Each year, the Congressional Budget Office publishes projections of federal revenues and outlays for the current fiscal year and the next 10 years. Those baseline budget projections reflect the standard structure for budgetary accounting. This report offers additional assistance to analysts and forecasters examining the entire U.S. economy by presenting CBO's projections of revenues and outlays for the 2025–2034 period in the NIPA framework and its categories of current receipts and expenditures.
The projected budget totals under the two sets of accounts are similar but not identical. Because of conceptual differences, for the 2025–2034 period, cumulative current receipts in the NIPAs exceed projected revenues in CBO's baseline by about 5 percent, and current expenditures in the NIPAs exceed projected outlays in the baseline by about 3 percent.
CBO's baseline budget projections include federal deficits or surpluses, which are calculated by subtracting outlays from revenues. In the NIPAs, net federal government saving is calculated by subtracting current expenditures from current receipts. When current expenditures exceed current receipts—as they do throughout the projection period—the amount of net federal government saving is negative and akin to a budget deficit.
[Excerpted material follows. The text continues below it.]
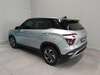 CRETA 1.0 TGDI FLEX PLATINUM AUTOMÁTICO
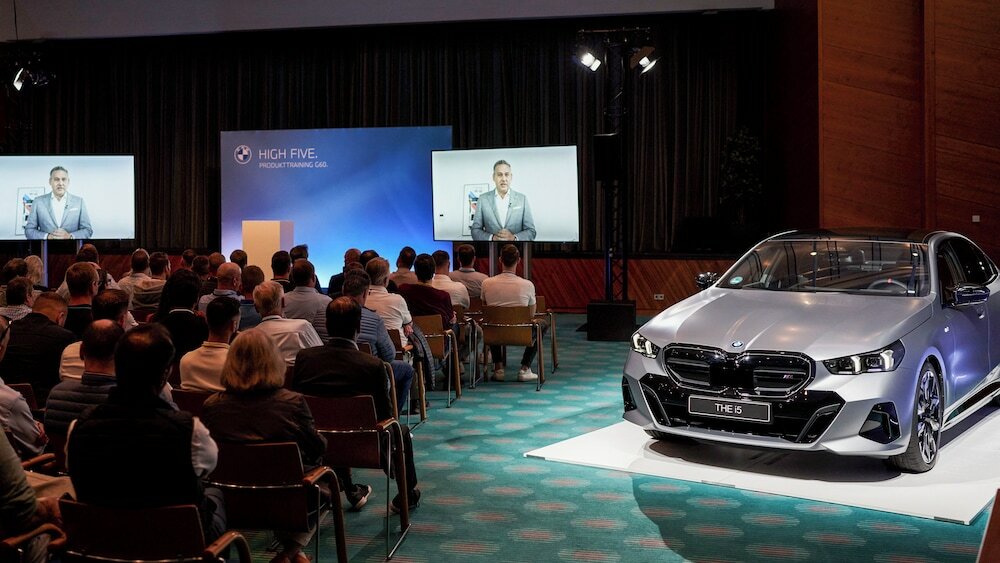 Фото Dekra Congresshotel Wart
The projected amount of negative federal saving for 2025 is $1.9 trillion. Negative federal saving remains less than that through 2028, reaches $2.0 trillion in 2029, and then grows to $2.8 trillion in 2034. Deficits in CBO's baseline budget projections follow a similar pattern: In 2025, the deficit amounts to $1.9 trillion. Deficits shrink slightly before returning to that amount in 2028 and 2029; they grow thereafter, reaching $2.9 trillion in 2034. Over the 2025–2034 period, the amount of negative federal saving, which totals $21.5 trillion, is projected to be slightly less than the cumulative deficit, which totals $22.1 trillion.